With the All-Ireland Senior Football Championship set to take place in Dublin’s Croke Park on Sunday, September 17 – when the county teams of Dublin and Mayo will compete for the coveted Sam Maguire Cup at the iconic 73,500 capacity stadium, known affectionately by locals as Croker – there is, perhaps, no better time to delve into the wonderful world of Gaelic Games.
While Europe as a whole is undoubtedly enthralled with soccer, an enduringly working-class sport recognised globally as “the beautiful game”, the strictly amateur Irish games of Gaelic football, hurling and camogie are among the most popular sports on the Emerald Isle with regards to participation and attendance.
They are prehistoric sports indigenous to Ireland, created hundreds of years ago by the Celts and first referenced by scholars reporting on organised competitions 800 years before the first Olympic Games took place in Athens.
Today, these sports are governed by the Gaelic Athletic Association, which was formed as a benevolent society, of sorts, in 1884, with the aim of promoting and protecting the Irish language, culture and sport, deemed to be under threat at the time from increased emigration and the perceived Anglicisation of Irish society.
The GAA has since become incredibly influential in Irish life, with over 2,200 clubs operating across all 32 counties of Ireland, North and South. It holds a special place in the hearts of many Irish people but has historically been viewed with suspicion by some Unionist organisations.
Over the years there have been innumerable high points for the GAA – unforgettable finals between Samson and Goliath teams at Croker, points records broken, heroes made, championships won – but there have been low points also.
On November 21, 1920, for example, during the Irish War of Independence, 14 innocent people were killed and 65 injured when British troops opened fire on the Croke Park crowd during a Gaelic football match. What became known as Bloody Sunday marked a nadir in British-Irish relations, and brought the GAA into direct conflict with the British establishment.
In 1922, however, as a result of the Anglo-Irish Treaty, Ireland became a free state and was subsequently officially declared a republic in 1949. Before and since, the GAA has played a huge part in the formation of a proud, inclusive Irish national identity. Gaelic football is the most popular sport within its remit.
Gaelic football will be recognisable to fans of Australian-rules football and incorporates elements of soccer but is much more of a contact sport, with players permitted to shoulder tackle opponents during play.

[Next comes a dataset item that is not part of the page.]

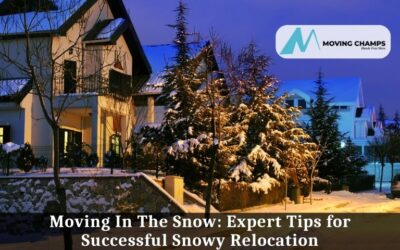 Blog 7 Moving In The Snow: Expert Tips For Successful Snowy Relocation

It involves two teams of 15 players competing over two halves of 30 minutes, with each team aiming to score the most points and goals, goals being worth three points each. The sport is played at local, county and national level, and with the All-Ireland Senior Football Championship taking place on the third or fourth Sunday in September.
Hurling, meanwhile, is an instrument-based sport, played with flat wooden sticks known as hurleys or hurls and a small ball known as a sliotar, similar in size to a cricket ball. Players must also wear protective helmets at all times – it is not a sport for the faint of heart. The points and goals system also applies, with the All-Ireland Senior Hurling Championship also taking place at Croke Park, but on the first Sunday in September.
Finally, camogie is the female equivalent of hurling, with the same rules and objectives. While the GAA does purport to represent camogie, it does so to a much lesser extent than Gaelic football and hurling. Rather, camogie is in effect governed by sister organisations, including the Camogie Association. The All-Ireland Senior Camogie Championship Final takes place in Croke Park on the second Sunday in September.